Mourners from across Poland descended on Warsaw today to pay their respects to President Lech Kaczynski and his wife as they lay in state in the most ornate chamber of the presidential palace.

The couple died Saturday in the crash of a government jet carrying dozens of Polish dignitaries to ceremonies in Russia marking 70 years since Soviet secret police slaughtered thousands of Polish officers during World War II.

"We want to say prayers and pay our last respects in person," Tomasz Pytko, 19, told AFP as he and two high-school friends stood in a queue of hundreds outside the palace.

The teenagers hitch-hiked hundreds of kilometres (miles) to Warsaw from the south-central city of Rzeszow.

"We'll wait as long as it takes," he said.

Large swathes of paving stones surrounding the palace were caked in wax from tens of thousands of candles left by mourners.
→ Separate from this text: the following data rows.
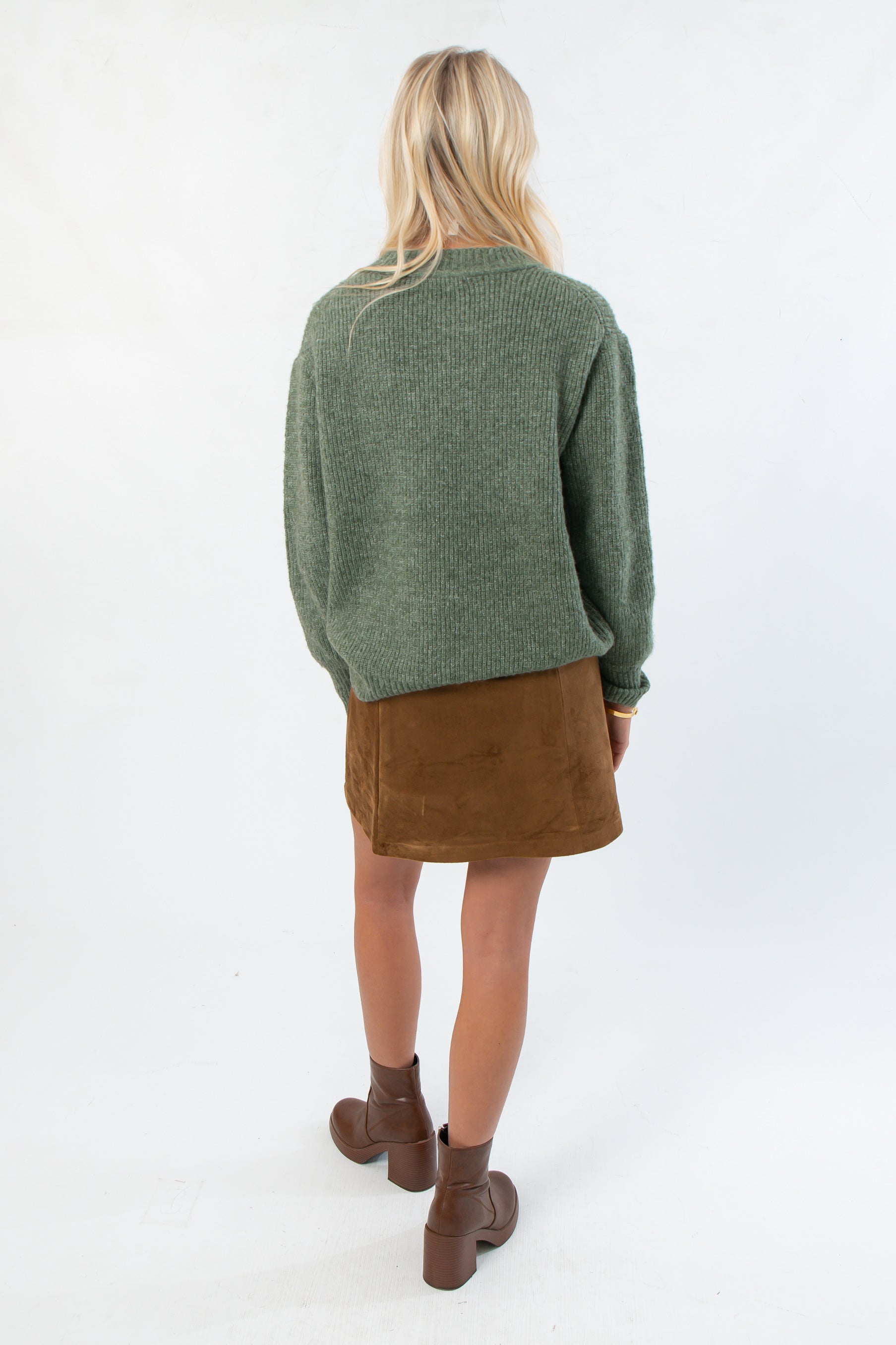 Back view of Dark Sage Ribbed Crewneck Sweater showing relaxed fit and ribbed texture, great for casual fall fashion.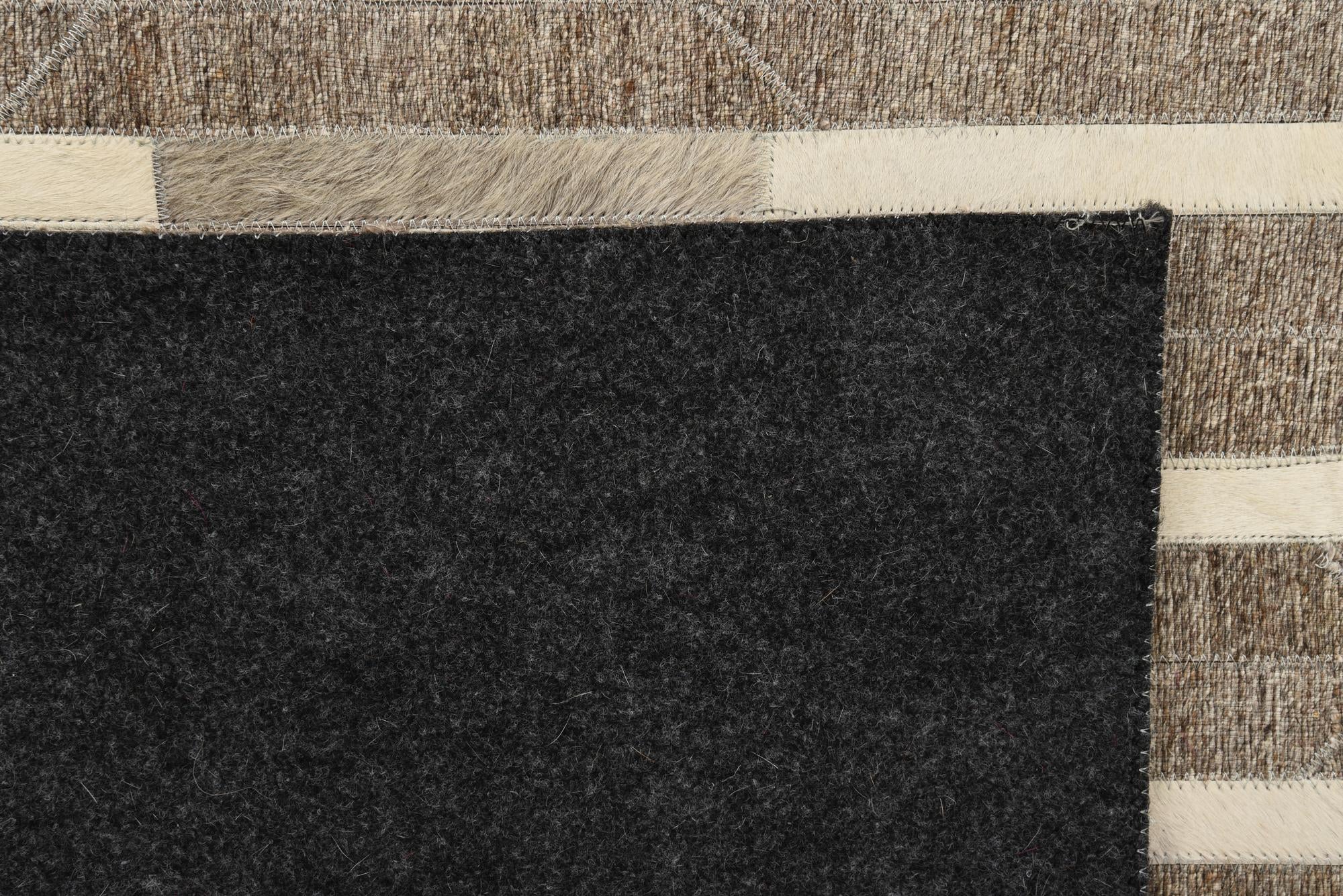 5' 1 x 7' 10 Cowhide Rug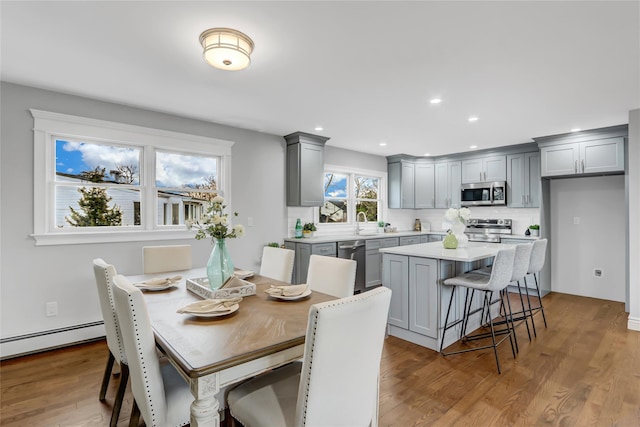 dining space featuring light hardwood / wood-style floors, baseboard heating, and sink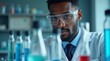 © CaspernikMed - Focused Black Young Adult Scientist Working in Laboratory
Spring flowers, mostly red-and-white tulips and carnations and yellow daffodils, lay strewn on the street and in piles around the stately 17th century Palac Namiestnikowski.

Strains of piano music by Poland's beloved 19th century composer Frederic Chopin, emerging from special musical benches installed to mark the bicentennial of his birth this year, could be heard over the din of the crowd.

Mourners clapped and threw flowers before the hearse carrying Maria Kaczynska's coffin as it wound through the capital to the palace.

Senior leaders from across the globe are expected to arrive in Poland at the weekend for memorial and funeral ceremonies for the crash victims.

The Kaczynskis are to be laid to rest Sunday in Poland's prestigious Wawel castle cathedral, alongside Polish kings in the historic southern city of Krakow.

Having travelled hundreds of kilometres (miles) Tuesday from Kielce in the south with four fellow students, Mateusz Paczek, 20, questioned the causes behind the crash as he waited patiently in line to pay his respects.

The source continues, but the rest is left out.